Entre as descobertas, constatou-se que os gémeos idênticos separados apresentavam semelhanças marcantes em personalidade, inteligência, interesses e até mesmo em traços de saúde, como o mesmo tipo de dores de cabeça. Esses achados reforçaram a ideia de que a hereditariedade desempenha um papel fundamental na formação da identidade e dos comportamentos humanos.
Na abordagem das constelações familiares desenvolvida por Bert Hellinger, postula-se que existe um campo morfogenético que conecta os membros de um sistema familiar, independentemente da distância ou do contato direto. Esse campo carrega informações que influenciam padrões de comportamento, preferências e até mesmo trajetórias de vida. Assim, a conexão entre gémeos separados no nascimento poderia ser compreendida como uma manifestação desse campo, onde as suas vidas seguem um roteiro de alguma forma já inscrito na história familiar.
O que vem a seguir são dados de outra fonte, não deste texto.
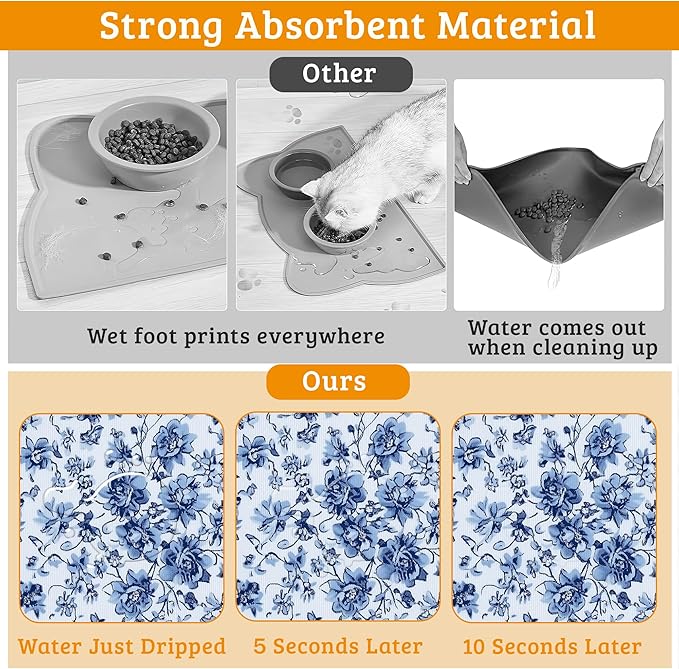 Blue Flower Dog Food Mat, Absorbent Pet Feeding Mat - Image 3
A transmissão de padrões também ocorre a nível transgeracional. Estudos sobre epigenética demonstram que experiências de gerações passadas podem influenciar a expressão genética dos descendentes. Isto significa que traumas, lealdades invisíveis e mesmo preferências inconscientes podem ser herdados sem que haja contacto direto com os antepassados. O caso dos gémeos Jim pode ser visto como uma repetição de dinâmicas familiares inconscientes.
A ciência procura explicar estas coincidências através do determinismo genético e das influências do ambiente, mas a visão sistêmica sugere que também estamos sujeitos a “lealdades invisíveis” dentro do sistema familiar. Muitas vezes, repetimos histórias para trazer à luz dinâmicas não resolvidas, como se estivéssemos a serviço de um equilíbrio maior dentro da linhagem.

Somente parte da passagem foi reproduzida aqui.